What’s more alarming than that? Well, the fact that we are holding our breath now for the club and BLK to release a new clash jumper design (as per Finnis’ Q&A at the end of July) that will replace the Candy Stripe #2 jumper we’ve had for the past two seasons, and what I’d say is arguably the best jumper the club has ever had.
If the club is serious about its Road to 2018 plan, then they’d want to back that up with a clash jumper they’re happy to run out in on Grand Final Day. We became the first ever club to wear a clash jumper in a Grand Final in 2010, and fortunately it was a jumper that was based on the home jumper and also echoed some of those aforementioned 20th century designs (strangely in 1997 our “away” jumper was the traditional home design).
Given this year’s pre-season design and the hot-cross bun return for My Favourite Hair in the AFL’s 300th (which was slightly botched in its return owing much to the ISC template) , I’d be banking on a similar design for the new clash with the timing right for nostalgia-fuelled inspiration. I’ll say this every time I bring up clash jumpers – they need to accentuate the red rather than the black, whether that means having a red number on a white back or something like the jumper worn by some players between 1906 and 1908, which was mostly white but had red shoulder panels.
This pre-season jumper’s red back was a nice novelty (following on from the Stickman’s of 2014), but essentially meant two completely different designs on the front and back of the same jumper.
There’s a couple that could work otherwise. Some strategic maneuvering of the red and black hoops of the 140 Year Anniversary jumper – a definite title contender for the best and almost certainly the boldest St Kilda jumper of all-time – would be sensational if executed correctly.
Either way, the key here is the balance of red and white over making it essentially a white jumper with a bit of black and negligible amount of white. The teams we clash with are darker teams – Essendon, Melbourne, Collingwood, Carlton, Richmond, Port Adelaide, etc. and particularly when it comes to teams with black or navy in them we have been at risk of essentially half the jumper looking like the opposition. Red needs to be throughout the jumper, not just shifted to one side like the tri-panel. Despite the jumper itself being a good design, from one side, BJ’s mark in the 2010 Grand Final is taken by a player in a white jumper with a black stripe playing against a team wearing black and white stripes.
This is where a hooped jumper might work, or red cuffs and red numbers.
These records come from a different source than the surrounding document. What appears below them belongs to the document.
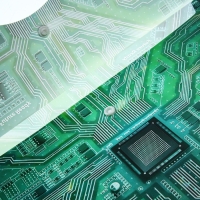 Папка-конверт "Чип" на кнопке А4, 350 мкр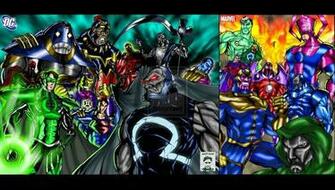 Villains Dc And Marvel By Ssejllenrad2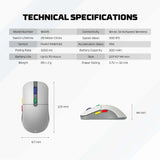 Fantech kanata s wg9s super maxfit wireless gaming mouse - dual mode connection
It also brings a version of the hot-cross bun into play, say for instance with red chest panels (a lá the original) and then white below the horizontal bar of the cross, perhaps with the red coming back over the shoulder and creating a mostly red and white design with more than enough black to remind you who exactly you’re watching, rather than what could be any team wearing a white jumper.
Or perhaps this might be the chance to finally bring in a red, yellow and black clash jumper?